Numerous slates have been shared on social media, with some members pushing for the party’s outgoing chairperson Dali Mpofu to go head to head with its deputy president Floyd Shivambu.
The names of head of the Defenders of the Revolution Marshall Dlamini, national spokesperson Mbuyiseni Ndlozi, and Gauteng chairperson Mandisa Mashego are among those touted as possible replacements for secretary-general Godrich Gardee.
Party heavyweights, such as parliamentarian Veronica Mente, Mpumalanga’s Poppy Mailola, Boitumelo Senokoane, former EFF Gauteng treasurer Omphile Maotwe, and former North West chairperson Betty Diale have also been proposed as top six leaders.
“You are saying it’s already happening. It means it’s allowed. Lobbying is not opportunism. It’s allowed, it’s happening, it’s actually in the guidelines of the EFF as to how it should be conducted,” Malema said.
He said people should lobby for specific people for particular positions, but objected to names being attached to particular groupings or slates, saying the EFF brand should be strong enough and that there was no need to add certain factional names to it.
“I am happy with what we have experienced now in the EFF, where there is very intense lobbying going on. But it is not ugly, doesn’t damage the image of this fragile young organisation called the EFF,” said Malema.
The red berets’ commander-in-chief said he expected a “stress-free” elective conference.
Around 4,000 delegates are expected to vote for new party leaders, including its top 6 and central command team, which will form the highest decision-making structure in between conferences.
The former ANC Youth League president has been in charge of the EFF since its inception and has been accused, by some, of being dictatorial.
Some of his harshest critics have said the party was merely a cult following, made up of people who are unable to question his authority.
“We are running this tight ship because firstly we are not a ruling party, we have a hostile state against the EFF, hostile capital against the EFF. Money is being allocated, assigned in budgets to come and deal with the EFF and destroy it, so you ought to be very careful not to allow opportunism, careerism, spies, agent provocateurs to come and destroy the organisation from within,” said Malema.
“It might not be police, it might not be soldiers but it might be the same attitude we had during apartheid, during the underground times. This time it might be men in civilian clothes but the things they do at night are actually very scary.”
Malema, who said the party had no tolerance for such attacks, claimed he understood how organisations like his were destroyed based on his experience in war rooms the ANC had developed when trying to destroy splinter party Cope, which was formed after the governing party recalled Thabo Mbeki as state president.
Malema, who was evasive when asked if he was keen to return to the helm of the party, said he was yet to be approached to consider continuing leading the organisation.
“Dali told me he had been approached to stand. I was saying to him: ‘You are fortunate. We have not been approached.’ It means our names have not been discussed … I will deal with it when the leadership comes to me,” said Malema.
He added that whether the party’s leaders approached him to stand or not, he would need to hear strong “political reasons” to be convinced either way.

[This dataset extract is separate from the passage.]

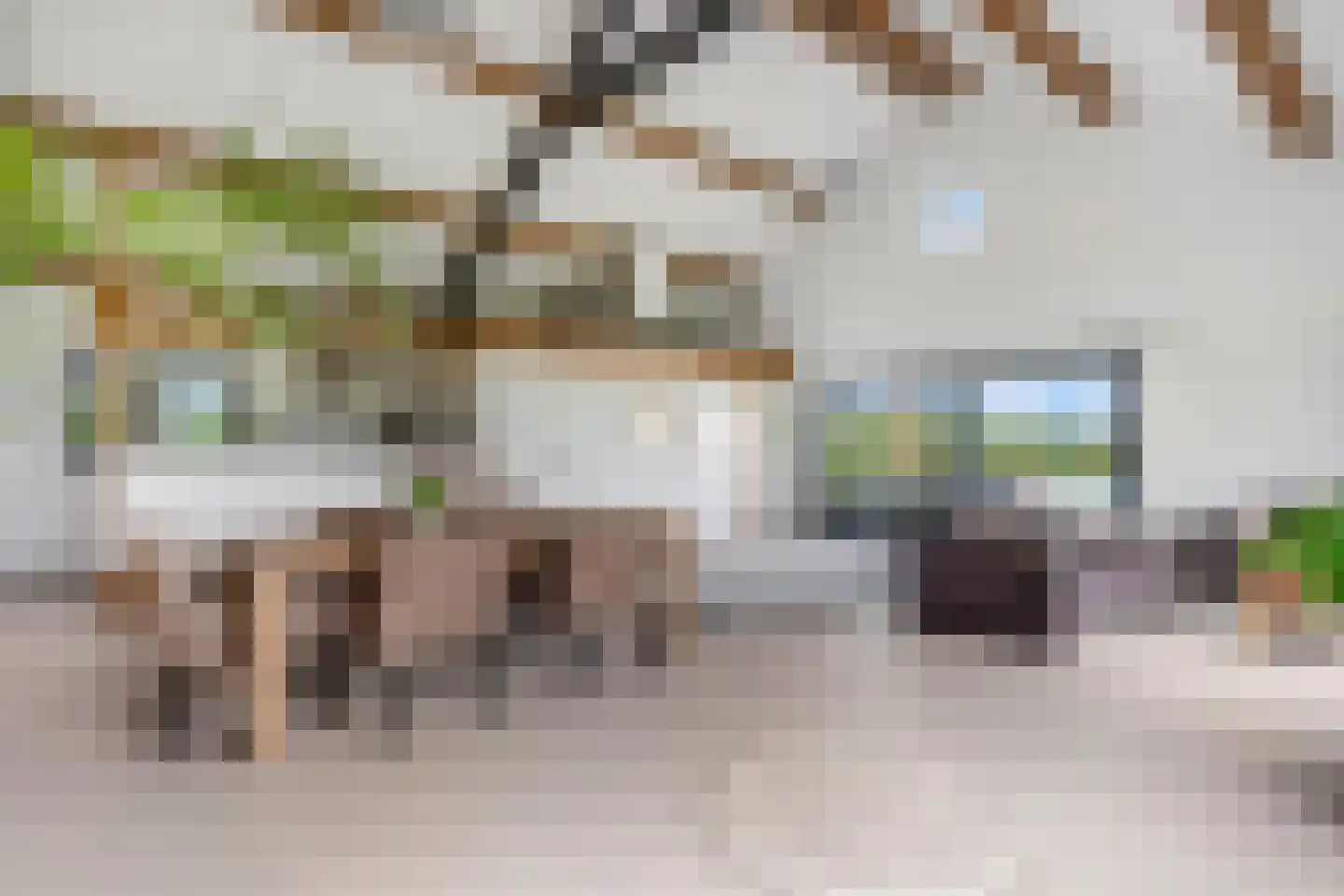 Retsestraat 14 Zoelen thumbnail 52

“What matters is to go and give them their organisation intact, much bigger and stronger because they elected me for five years. So they don’t owe me anything beyond what they asked me to do,” he said.
Malema has been seen to be at odds with the EFF Students Command (EFFSC) after he twice questioned the wing’s ability to stand on its own. He has gone as far as describing the organisation as “useless” and calling it a “premature pregnancy”.
However, he told News24 he was not calling for the EFFSC to be disbanded but was concerned that it had not done any work in growing itself outside of the support its mother body had given it.
He added that he was concerned it may not be the right time to launch more command teams in the party.
“They have a third leadership and have not gone beyond what we have handed them.”
Malema said the EFFSC only occupied elitist tertiary institutions but hadn’t grown in rural spaces, raising concerns that it could be the same with command teams centred around women and the youth, respectively. Such structures are provided for in the party’s constitution.
He said once they were set up, they would have the same powers as the ANC Women’s League and ANC Youth League, which serve as additional provinces to the party with voting powers.
“Are we not going to fail with the women’s command? With the youth command? Are you not going to take the same women you have in the leadership of the EFF and say to them go and form the women’s command? And by them going to form the women’s command you have isolated them from a strategic centre where serious decisions are being taken because they are now preoccupied with the formation of a women’s command,” he asked.